Un padre è tale se è per il figlio maestro di vita, se gli comunica con le parole e l’esempio il senso dell’esistenza.

«Il mondo ha bisogno di padri», ha bisogno di persone mature che sappiano prendersi cura del prossimo, ma «rifiuta i padroni, rifiuta cioè chi vuole usare il possesso dell’altro per riempire il proprio vuoto; rifiuta coloro che confondono autorità con autoritarismo, servizio con servilismo, confronto con oppressione, carità con assistenzialismo, forza con distruzione.»

«Accanto all’appellativo di padre, a Giuseppe la tradizione ha messo anche quello di “castissimo”. Non è un’indicazione meramente affettiva, ma la sintesi di un atteggiamento che esprime il contrario del possesso. La castità è la libertà dal possesso in tutti gli ambiti della vita. Solo quando un amore è casto, è veramente amore. L’amore che vuole possedere, alla fine diventa pericoloso, imprigiona, soffoca, rende infelici. Dio stesso ha amato l’uomo con amore casto, lasciandolo libero anche di sbagliare e di mettersi contro di Lui. La logica dell’amore è sempre una logica di libertà, e Giuseppe ha saputo amare in maniera straordinariamente libera. Non ha mai messo sé stesso al centro. Ha saputo decentrarsi, mettere al centro della sua vita Maria e Gesù.

La felicità di Giuseppe non è nella logica del sacrificio di sé, ma del dono di sé.»

Ama veramente solo chi si mette al servizio di Dio e del prossimo, chi si fa dono per amore: questi è ‘padre’ e ‘casto’.
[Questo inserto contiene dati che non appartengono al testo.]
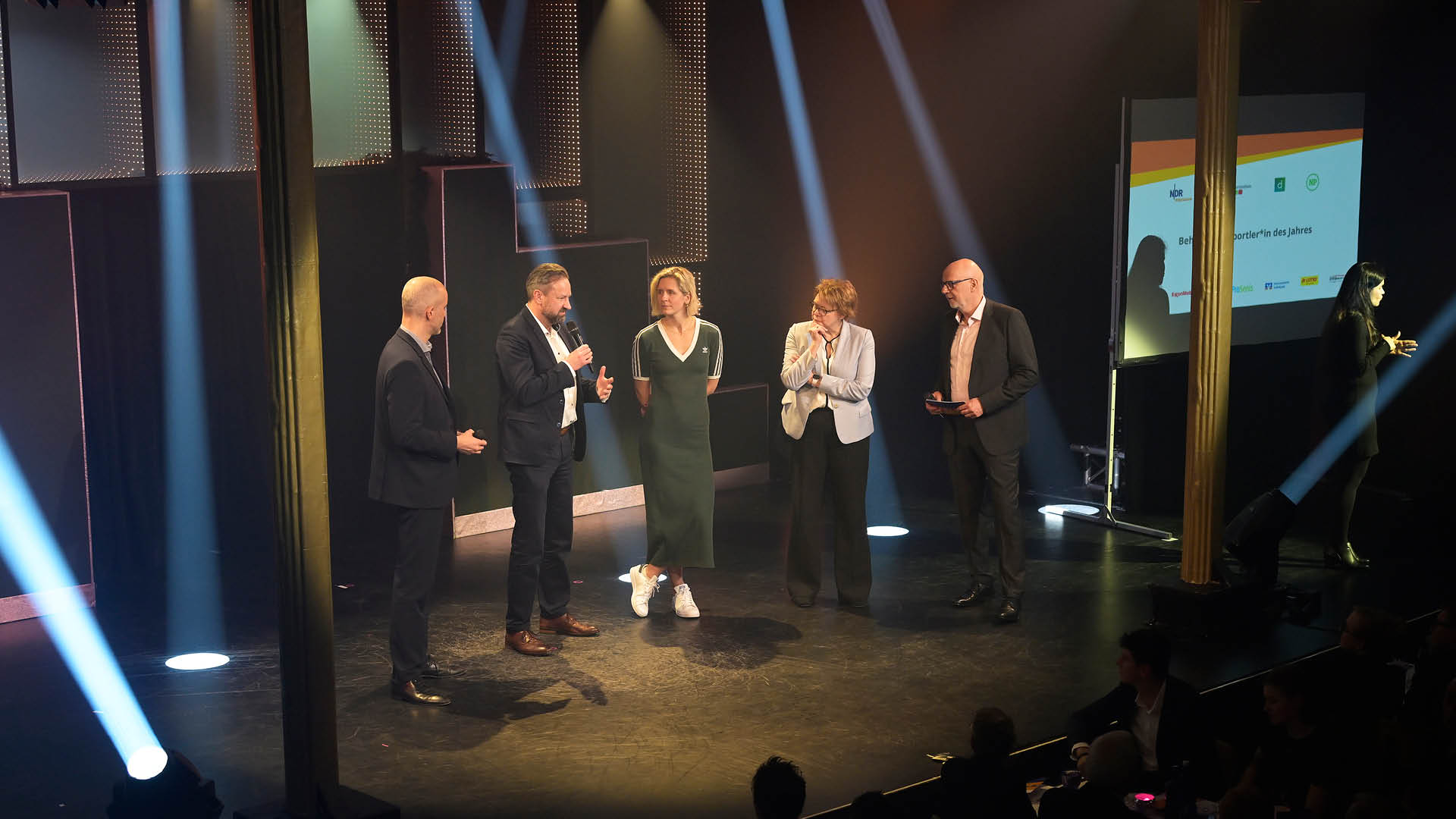 Talk zum Auftakt. Von lins: mit Hannovers Oberb rgermeister Belit Onay, dem Pr sidenten des LandesSportBundes Niedersachsen Andr Kwiatkowski, Sportehrengast und Beach Volleyball Olympiasiegerin und Weltmeisterin Laura Ludwig, Niedersachsens Innenministerin Daniela Behrens und Moderator Andreas Kuhnt. Ganz rechts im Bild: die Geb rdendolmetscherin f r geh rlose G ste.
«Ogni vera vocazione nasce dal dono di sé, che è la maturazione del semplice sacrificio. Anche nel sacerdozio e nella vita consacrata viene chiesto questo tipo di maturità.»

Così, come la società civile,

«anche la Chiesa di oggi ha bisogno di padri. È sempre attuale l’ammonizione rivolta da San Paolo ai Corinzi: “Potreste avere anche diecimila pedagoghi in Cristo, ma non certo molti padri” (1 Cor 4,15); e ogni sacerdote o vescovo dovrebbe poter aggiungere come l’Apostolo: “Sono io che vi ho generato in Cristo Gesù mediante il Vangelo” (ibid.). E ai Galati dice: “Figli miei, che io di nuovo partorisco nel dolore finché Cristo non sia formato in voi!” (4,19).»

La vera paternità è dare la forma di Cristo, vivendo una vita evangelica.